Die räumliche Ausweglosigkeit wird auch für Tcherniakov letztlich zum Problem, denn keiner der Akteure kann abtreten, alle sind immer da und wollen bewegt werden. So ergeben sich gezwungenermaßen Durchhänger und etliche Verlegenheitshandlungen. Wenn Cornelia etwa eine ganze da-capo-Arie lang den Mantel ausschüttelt und Wolldecken zusammenlegt, damit sie nicht nur singend an der Rampe steht. Das sind die Tücken der Barockoper.

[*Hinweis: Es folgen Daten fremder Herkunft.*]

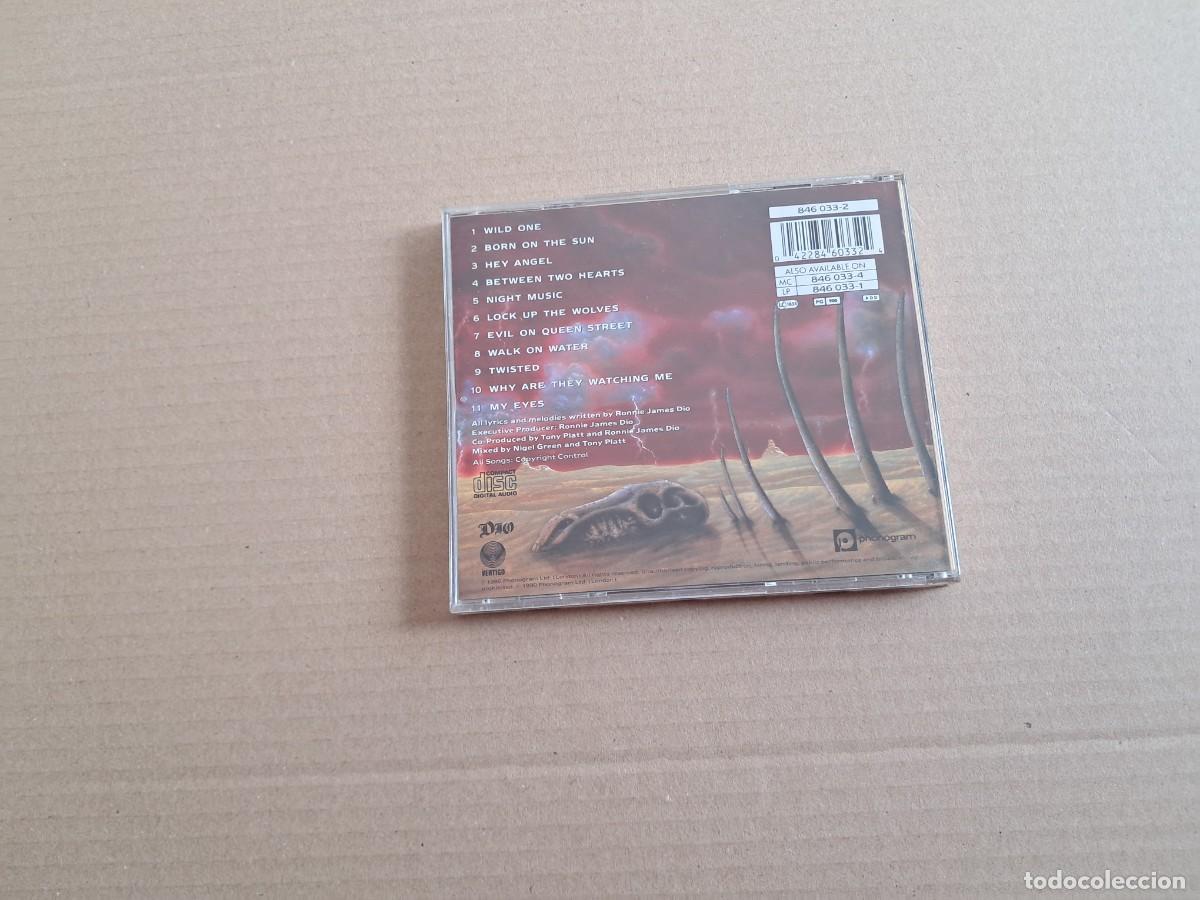 CDs de m&uacute;sica: DIO - LOCK UP THE WOLVES CD 1990 - Foto 3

Gespielt und gesungen wird an diesem langen Abend, der aufrütteln will, überwiegend famos: Emmanuelle Haïm dirigiert vom Cembalo aus das vorzügliche Ensemble Le Concert d’Astrée mit vitalem Schwung und viel Sinn für Effekte und Nuancen. Ihr Händel klingt frisch, angriffslustig und lebendig. Aus dem Solistenensemble ragen heraus die Titelrollen, der auch darstellerisch souveräne Christophe Dumaux mit lupenreinem Koloratur-Feuerwerk und Olga Kulchynskas elegante Cleopatra.
Auch bei Peter Sellars will es nicht hell werden
Am folgenden Abend will es auf der Riesenbühne der Felsenreitschule auch nicht wirklich hell werden: Festspiel-Dauer-Regisseur Peter Sellars verschweißt drei Meisterwerke des frühen 21. Jahrhunderts zu seinem Musiktheater „One Morning turns into an Eternity“, das in Wahrheit ein szenisches Konzert und mit knapp 68 Minuten Spieldauer eher eine Petitesse bleibt.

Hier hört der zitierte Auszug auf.